Data records:
**********

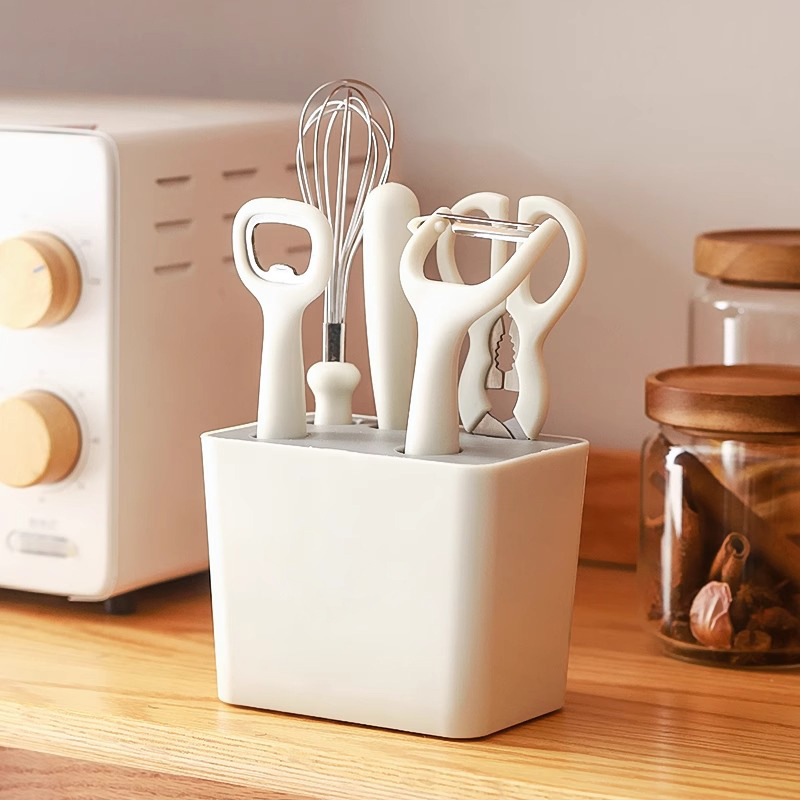 Kitchen Helper Guobao Six-Piec - Kitchen Helper Gadgets 评论和价格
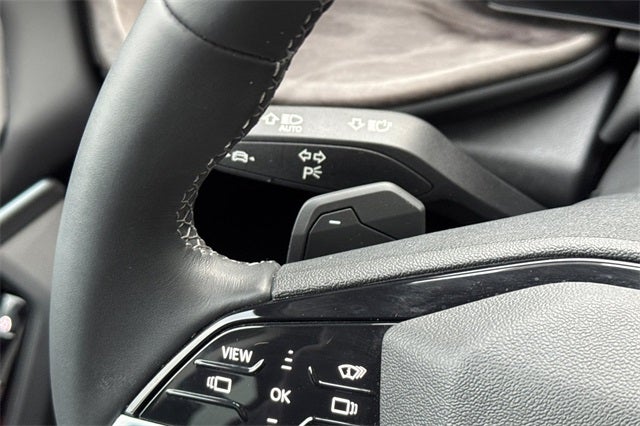 2025 Audi Q5 2.0T Prestige quattro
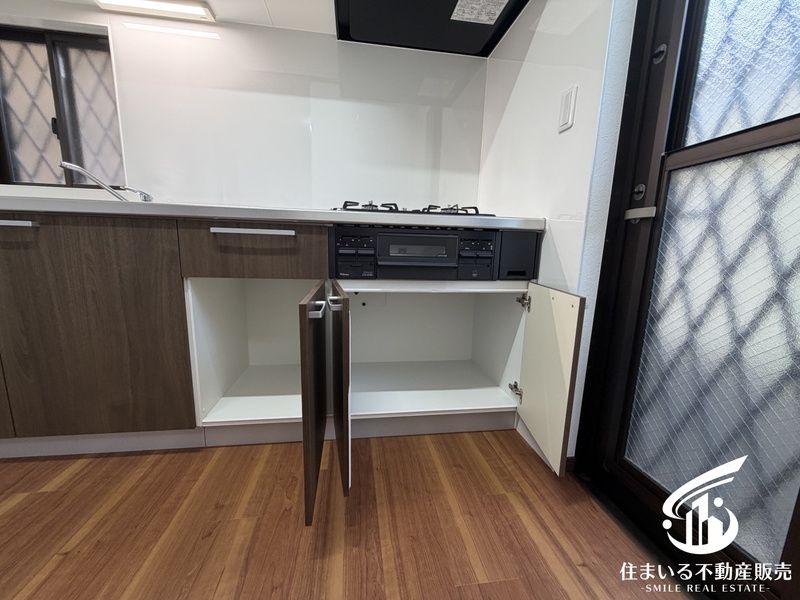 Renovated 3LDK House for Sale in Higashiosaka, Osaka - Thumbnail 4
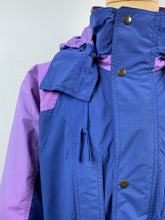 Load image into Gallery viewer, 1980s Vaude SympaTex jacket
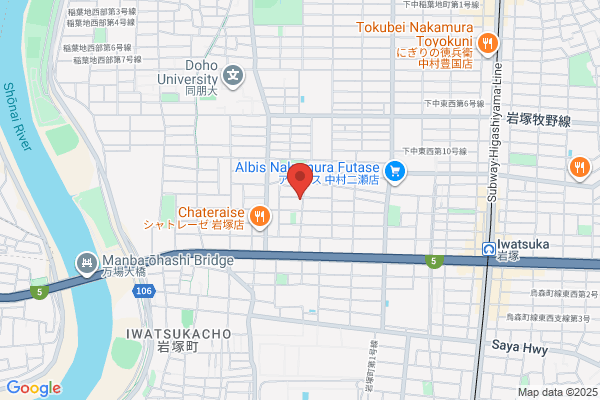 Link Consulting Associates Japan NagoyaOffice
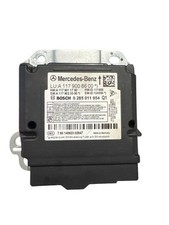 Mercedes-Benz W117 X156 W176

**********

Task statement: Everything from the line with "Renovated 3LDK House" through the last line above must be repeated exactly, except the pictures.

Result:
 Renovated 3LDK House for Sale in Higashiosaka, Osaka - Thumbnail 4
 Load image into Gallery viewer, 1980s Vaude SympaTex jacket
 Link Consulting Associates Japan NagoyaOffice
 Mercedes-Benz W117 X156 W176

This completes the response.